Gingerly, he parted the brush and walked a little way into the woods. He didn’t see even a trace of a track. But as he kept on a bit, he heard water and followed the sound, which seemed to be just ahead of the next line of trees. He was deceived. He walked for fifteen minutes before he came to it. “Cross it,” she’d said, and he thought there would be a bridge of some sort. There was none. He looked across and saw hills. It must be there. Right there. He calculated that he could just make it in the hour or so left before he should be back on the road. He sat down, took off his shoes and socks, stuffed the socks in his pocket, and rolled up his pants. Holding his shoes in his hand, he waded in. Unprepared for the coldness of the water and the slimy stones at the bottom, he slipped to one knee and soaked his shoes trying to break his fall.
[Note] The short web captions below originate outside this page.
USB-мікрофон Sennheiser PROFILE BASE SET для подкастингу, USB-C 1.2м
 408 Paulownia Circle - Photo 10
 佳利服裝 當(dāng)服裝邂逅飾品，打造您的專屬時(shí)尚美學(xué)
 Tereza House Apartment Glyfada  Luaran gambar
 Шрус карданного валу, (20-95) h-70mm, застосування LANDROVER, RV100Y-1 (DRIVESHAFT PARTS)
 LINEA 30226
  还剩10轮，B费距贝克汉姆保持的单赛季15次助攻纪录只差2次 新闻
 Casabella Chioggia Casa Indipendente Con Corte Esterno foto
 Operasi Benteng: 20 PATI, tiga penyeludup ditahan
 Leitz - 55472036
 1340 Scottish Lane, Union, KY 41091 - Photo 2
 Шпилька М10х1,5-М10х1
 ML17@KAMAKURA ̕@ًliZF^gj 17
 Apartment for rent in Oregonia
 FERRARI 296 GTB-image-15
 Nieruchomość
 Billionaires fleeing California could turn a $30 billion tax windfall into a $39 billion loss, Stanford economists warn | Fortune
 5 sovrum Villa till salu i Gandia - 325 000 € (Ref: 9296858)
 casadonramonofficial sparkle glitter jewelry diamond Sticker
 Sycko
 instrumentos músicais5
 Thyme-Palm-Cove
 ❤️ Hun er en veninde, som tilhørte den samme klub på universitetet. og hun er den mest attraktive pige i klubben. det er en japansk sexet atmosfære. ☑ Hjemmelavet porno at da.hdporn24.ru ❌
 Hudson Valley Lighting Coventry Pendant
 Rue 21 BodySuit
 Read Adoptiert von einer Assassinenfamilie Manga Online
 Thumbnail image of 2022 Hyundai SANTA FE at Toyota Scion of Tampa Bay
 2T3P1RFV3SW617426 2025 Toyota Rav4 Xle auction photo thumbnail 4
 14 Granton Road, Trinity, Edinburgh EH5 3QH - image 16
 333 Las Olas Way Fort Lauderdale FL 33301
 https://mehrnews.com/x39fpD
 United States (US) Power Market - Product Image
He righted himself with difficulty and poured the water out of his shoes. Since he was already wet, there was no point in turning back; he waded on out. After half a minute, the creek bed dropped six inches and he fell again, only now he went completely under and got a glimpse of small silvery translucent fish as his head went down. Snorting water, he cursed the creek, which was too shallow to swim and too rocky to walk. He should have pulled a stick to check depth before he put his foot down, but his excitement had been too great. He went on, feeling with his toes for firm footing before he put his weight down. It was slow moving—the water was about two or three feet deep and some twelve yards wide. If he hadn’t been so eager, maybe he could have found a narrower part to cross. Thoughts of what he should have done instead of just plunging in, fruitless as they were, irritated him so that they kept him moving until he made it to the other side. He threw his shoes on the dry ground and hoisted himself up and out on the bank. Breathless, he reached for his cigarettes and found them soaked. He lay back on the grass and let the high sunshine warm him. He opened his mouth so the clear air could bathe his tongue.